5 years later, in November of 1999, the cancer returned. To a kindergartener, the concept of cancer is complex. Two years later, on March 25, 2001, I lost my grandmother. At the funeral, I remember my mom telling me it was okay to cry at the funeral. I remember watching all of the adults cry except for me. I had no emotional understanding of what cancer had done. I remember that of all the things to be upset about, my 6-year-old self was devastated that I had lost my perfect attendance at school. I was too young, as far too many of us are when we lose a grandparent to cancer, to understand the true impact of what had been lost by me and my family.
But as I have grown older, there is one loss that stands out the most: time. Time, I missed out on making memories that my siblings have of spending summers in Myrtle Beach with Nanny. All the inside jokes Sarah and Nanny had - like when they told people they were going outside to drink by the woodpile. The time where she peed her pants in terror after a parrot in a beach convenience store talked to her. Or the terrible fishing accident in which my sister Judy’s hook attached to her shirt, ripping it off. I remember my grandmother second-hand through my older siblings; I have their memories of laughter and joy, and I try to take their memories as my own. But it falls short of what I deserve to know about her.
But, I believe nanny would be proud, for we have never forgotten her love and her humour. The latter in which I wish I could have experienced with maturity, but I share this obsession with nanny’s favorite holiday movie, actually I obsess over it year round, National Lampoon’s Christmas Vacation. As Clark Griswold says, “We're all in this together. This is a full-blown, four-alarm holiday emergency here.” The time has come that when cancer comes knocking at our door that it encounters “the jolliest bunch of assholes” because we can finally beat cancer and get right back to making memories.
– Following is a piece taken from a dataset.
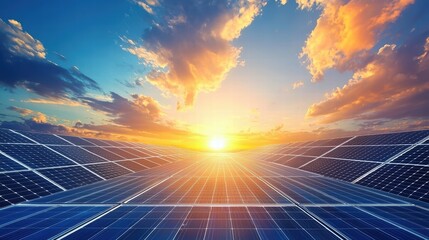 Solar Panel Landscape at Sunset with Colorful Sky Reflection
Right now, I am ready to end this epidemic that removed a fearless woman. Despite being dragged through a storm twice, she empowered us to live with never ending hope and to never back down. So now, I Relay. I Relay so that my kids will have their own memories of their grandmother instead of having to rely on second-hand stories. They deserve the time to make the memories. I Relay for breast cancer free lifestyles in Esta’s five beautiful daughters and granddaughters. I Relay for my cousins and their children, so they can experience more of Esta’s love through their beautiful mothers and grandmothers. I Relay because cancer can’t take the love and memories of our loved ones, and we should not allow it to take it from children.